Оценить:
 Рейтинг: 4.5

Чечня рядом. Война глазами женщины

Год написания книги
2008
<< 1 ... 7 8 9 10 11 12 13 >>
На страницу:
11 из 13
Настройки чтения
Размер шрифта
Высота строк
Поля

Безжизненные руины по обе стороны главной улицы Мира. Все как зимой прошлого года, только тогда здесь непрерывно гремели взрывы, а сейчас лишь редкие автоматные очереди нарушают тишину.

В разрушенные дома постепенно возвращается жизнь. Правда, свидетельствует об этом пока только пленка, которой горожане затянули окна, спасаясь от холода: застеклить их почти всем не по карману. Да и зачем, если завтра, может быть, снова война? Люди все еще не верят, что мир возвращается на их землю. Первый вопрос, который они задают приезжим: уйдут ли федералы? Одни спрашивают с надеждой, другие – со страхом. Но те и другие понимают: если федералы уйдут, окна останутся застекленными недолго.

На рынках есть все – от продуктовых наборов, которые Красный Крест передает в Грозный, до полиэтиленовой пленки и одеял (из того же Красного Креста).

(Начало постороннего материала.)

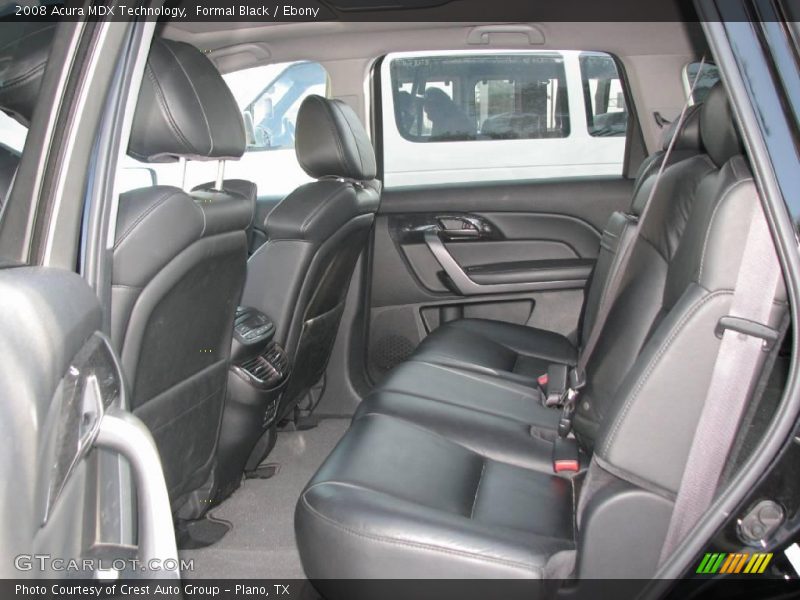 Formal Black / Ebony 2008 Acura MDX Technology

Покупатели, естественно, обсуждают, кто и как делит гуманитарную помощь. Это здесь самая актуальная проблема. Грозненцы говорят, что живут только благодаря западным правозащитным организациям, которые выделяют растительное масло, муку и крупу – ровно столько, чтобы горожане не умерли с голоду. Еще добрым словом поминают на рынке какую-то Петру: она по городу ездит, ищет по подвалам больных и немощных и подкармливает их.

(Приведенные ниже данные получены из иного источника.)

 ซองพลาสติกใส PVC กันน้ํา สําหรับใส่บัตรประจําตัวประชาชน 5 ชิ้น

Разыскать Петру не составило большого труда: почти все грозненцы знают, что иностранка живет в частном доме в центре – рядом с детским домом, который она сама же и создала. Телохранитель с автоматом преграждает дорогу, но Петра машет рукой: «Пропусти». Худенькая, русоволосая, в длинной юбке, очень похожая на чеченских женщин. Только много курит. Петра Прохаска – журналистка, в Грозный она ездила и в прошлую войну, и в эту. И, как многие журналисты, втянулась. Хотя сама Петра не считает себя искательницей приключений:

– Просто после всех этих несчастий, хоть и чужих, невозможно вернуться в нормальную жизнь и забыть об этом. С этим нельзя жить там, в Москве, и все время думать, что здесь кто-то умирает, а ты мог бы ему помочь.

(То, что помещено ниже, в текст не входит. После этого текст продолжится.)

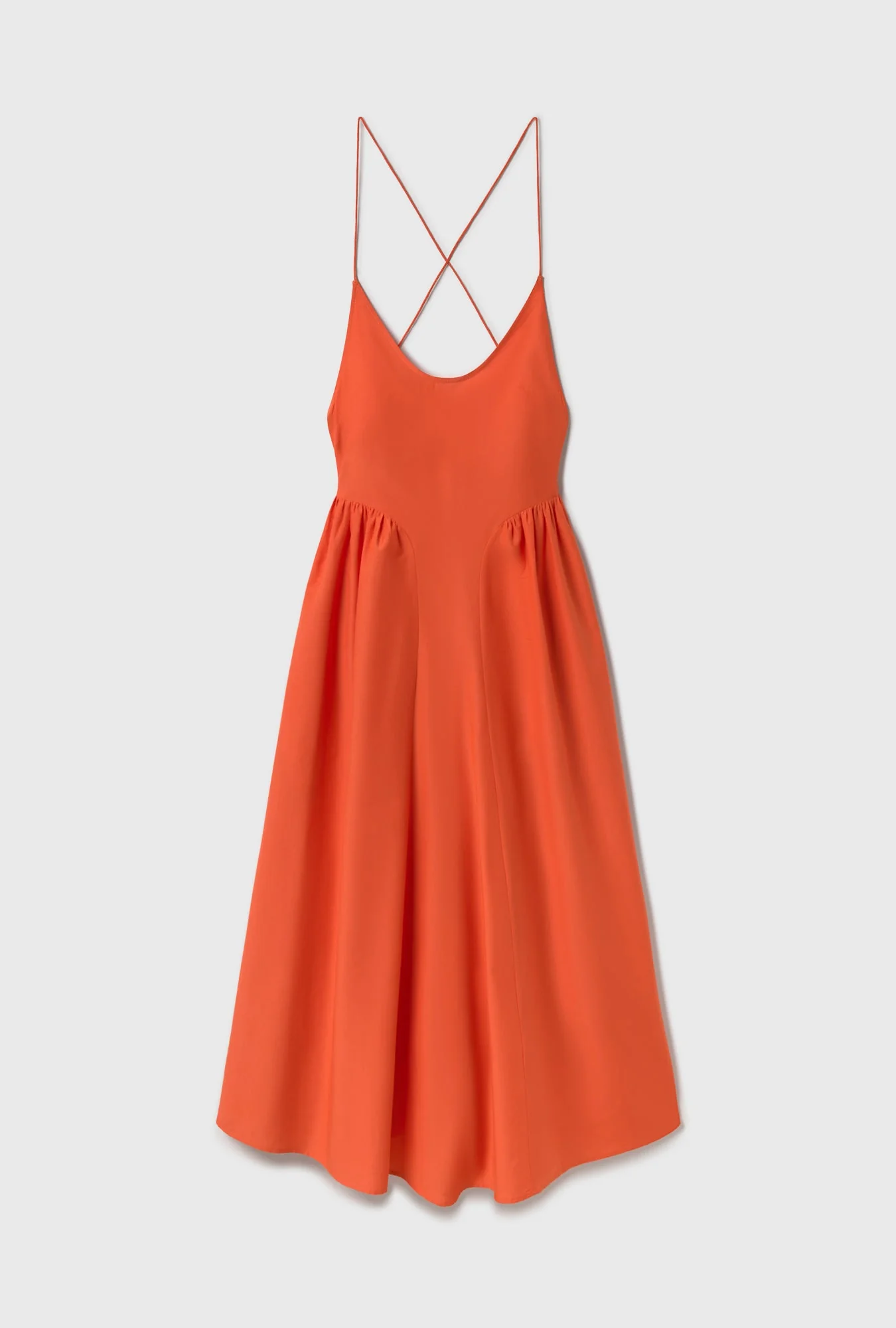 Silk Laundry Dive Dress - Snapper - Image 2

Уже пять месяцев Петра вместе со своим телохранителем Русланом разыскивает больных и одиноких. Их у нее более 700 – стариков, которым она привозит продукты и одежду. Деньги на эту миссию выделяет чешская гуманитарная организация «Человек в беде», а еще католическая Charitas International. Но все представители этих организаций – в Назрани, а Петра в Грозном. Мы с ней долго говорим о предстоящей зиме, и я вижу, как ее мучает сознание невозможности помочь всем; она курит и сбивчиво объясняет:

– Понимаешь, в эту зиму им будет еще хуже, чем в прошлую… Ты знаешь, что было в прошлую? Так сейчас вообще голод будет, все запасы съедены, а летом они ничего не выращивали, потому что всюду мины. А того, что мы даем, все равно на всех не хватает, и кто-то голодает. Тем, кто в подвалах, очень плохо.

В подвале пятиэтажного дома на Трудовой улице шесть жильцов. Я стучу в металлическую дверь, на которой нацарапано «Здесь живут люди», и в дверном проеме появляется старушечье лицо. Она сослепу называет меня Петрой и говорит, что кончилась питьевая вода. Идти за водой некому, потому что все обитатели подвала – старики, а самодельная водокачка – в соседнем микрорайоне.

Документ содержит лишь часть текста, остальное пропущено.